Photographers, artists, poets: show us FAITH.
It does not really matter where you go in the town nearest to where I live, Solothurn. The cathedral dominates all views. A wonderful piece of architecture, built in 1762 by the architect Pisoni. Am I Roman catholic? No. The other Swiss religion is the Swiss Reform Church, my husband’s religion, of which I also do not belong. He is also not a regular church goer.
I was born into a family that were Church of England (our local church was high church, so you could say Anglo Catholic, but we do not have a pope, just a Queen as the boss). Anyhow bible is bible and it was all taught in school and in the scripture lesson. A third of our school was of the jewish faith, very dominant in my area of London in my younger years. Every morning at our school we had a general assembly with bible readings we all sung a few hymns.The Jewish section of the school did their own thing. It was law in England and I did not really question anything. I also did not spend a lot of time thinking about it. Religion was just not in my thoughts.
One fine day (or perhaps not so fine for some) I did get thinking about this religion thing. I had no vision, no dream and no sudden awaking moment. I just got thinking. I am a very logical person, so I came to the conclusion that religion was not logical. All those miracles and sudden wonders seemed to avoid me. In the meanwhile my grandmother and aunt got involved somehow in a religion (was it Pentecostal?) where they were baptised and had about 3-4 bibles at home. I even witnessed a baptism. Then the good souls of this community started mixing in their private life. I was about 14 years old at the time. Somehow I had a feeling this was not religion, but meddling and my mum and dad were not happy with the situation.

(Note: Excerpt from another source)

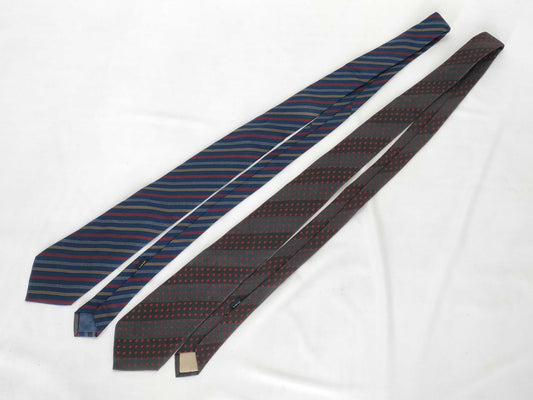 Dior Dior 2-piece tie tie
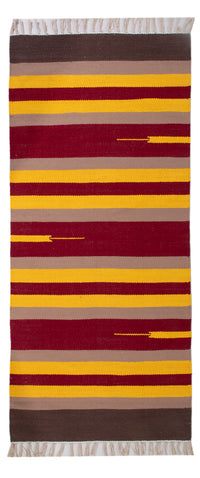 Moderne kilim Teppe 150x70cm – product image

In the meanwhile I have made my decision. I do not belong to the Swiss church or any other sort of church. I suppose I could say I am an atheist, but I see no reason why I should have a label. Everyone seems to think I am missing something in life, and their big statement seems to be “You must believe in something”. Really, must I? I believe in a world based on the course of nature, which often unfortunately gets a bit thrown out of its course, by human meddling.
I like the new pope, really. He has both feet on the ground, has tolerance and understanding for others and shows what human feelings are. I have no problem with Islam, as long as it is Islam and not this fundamental narrow minded bomb-throwing rubbish. After all I worked for a Muslim boss and lived with his family, wife and kids, for two years. I did not miss pork, and ate the same food as he ate, and if he said “bismillah” before every meal it did not bother me. Some Christians say Grace.
Anyhow, I had no encounter to make my decision. I just try to do things right, which is not always easy. Above all I want to be tolerant of all other religions and beliefs. The beginnings of many religions and beliefs have an interesting history. Just do not try to convert me, I am happy the way I am.